Les responsables américains qui songent à mettre fin aux stimulants économiques records risquent de répéter les mêmes erreurs qui ont plongé le Japon dans une stagnation de la croissance et qui ont fait perdre une décennie au pays, estime Richard Koo, de Nomura Research Institute Ltd.

«Il ne s'agit pas d'un rhume, ça ressemble plutôt à une pneumonie», a lancé M. Koo, auteur de Balance Sheet Recession, un ouvrage publié en 2003 et qui porte sur les ennuis qu'a connus le Japon après que ses marchés boursiers et immobiliers eurent sombré en 1990. «Nous avons encore besoin des dépenses gouvernementales, a-t-il dit, et cela pourrait prendre jusqu'à trois à cinq ans avant de sortir de ce bourbier, même dans les meilleures circonstances.»

 

Les commentaires de M. Koo font écho aux propos de divers économistes, dont Paul Krugman, lauréat du prix Nobel, qui avertissent que le retour des États-Unis à la croissance au cours de la deuxième moitié de 2009 ne signifie pas qu'une reprise soutenue soit assurée. L'administration Obama cherche à contenir le déficit budgétaire record de 1400 milliards US au moment où la croissance reprend et à sauvegarder la valeur du dollar, qui est mise à mal.

«S'il faut retenir une leçon de l'expérience japonaise, c'est qu'on ne doit pas mettre fin aux stimulants fiscaux tant que le désendettement du secteur privé n'est pas terminé», a estimé M. Koo, 55 ans, économiste en chef de la division de recherches de la plus importante maison de courtage du Japon. M. Koo a fait ces commentaires lors d'une entrevue dans ses bureaux à Tokyo la semaine dernière. «Lorsque nous verrons le secteur privé recommencer à emprunter, je serai celui qui criera le plus fort sur terre pour réclamer une réforme fiscale. Ce sera le moment de mettre fin aux stimulants», a-t-il dit.

M. Koo a calculé que l'éclatement de la bulle des actifs au Japon en 1990 a fait voler en fumée pas moins de 16 000 milliards US, soit l'équivalent de trois fois l'économie du pays. Les entreprises se sont alors concentrées sur le remboursement de leur dette plutôt que de lancer de nouveaux projets, ce qui a fait chuter la demande et provoqué un cycle marqué par la dégringolade des liquidités et des prix des actifs et la détérioration des bilans.

En ce moment, ce sont les consommateurs américains qui sont criblés de dettes. La dette des ménages américains s'est gonflée de plus de 10% chaque année de 2002 à 2005 alors que l'économie a progressé de 2,75% en moyenne.

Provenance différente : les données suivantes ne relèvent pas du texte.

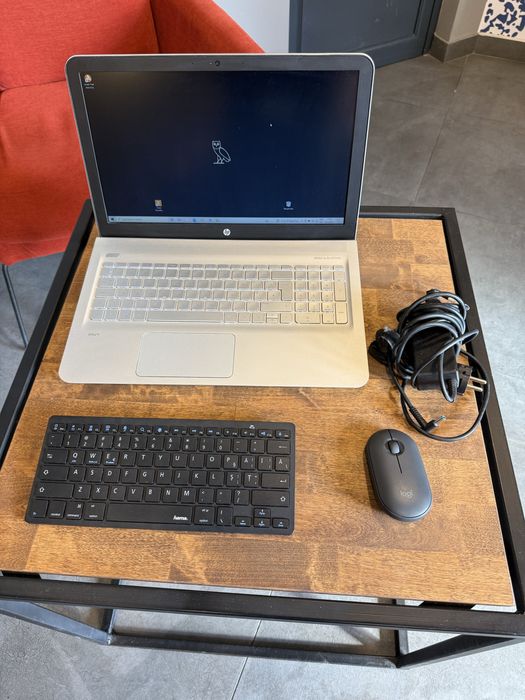 Лаптоп HP envy с подаръци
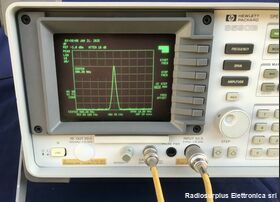 HP 8590B  HP 8590B  Analizzatore di spettro 9 Khz- 1,8 Ghz Strumenti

La solution que préconise M. Koo, qui a déjà travaillé à la Federal Reserve Bank de New York, fait appel à des dépenses gouvernementales soutenues pour combler le vide laissé par la réduction des dépenses des consommateurs et des entreprises.

Les efforts de la Réserve fédérale américaine (Fed) sont insuffisants, a-t-il dit: «Les taux d'intérêt sont à zéro et rien ne se passe. Les entreprises et les ménages ne veulent pas emprunter de l'argent même à des taux de zéro; ils sont trop occupés à refaire leurs épargnes et à régler leurs dettes.»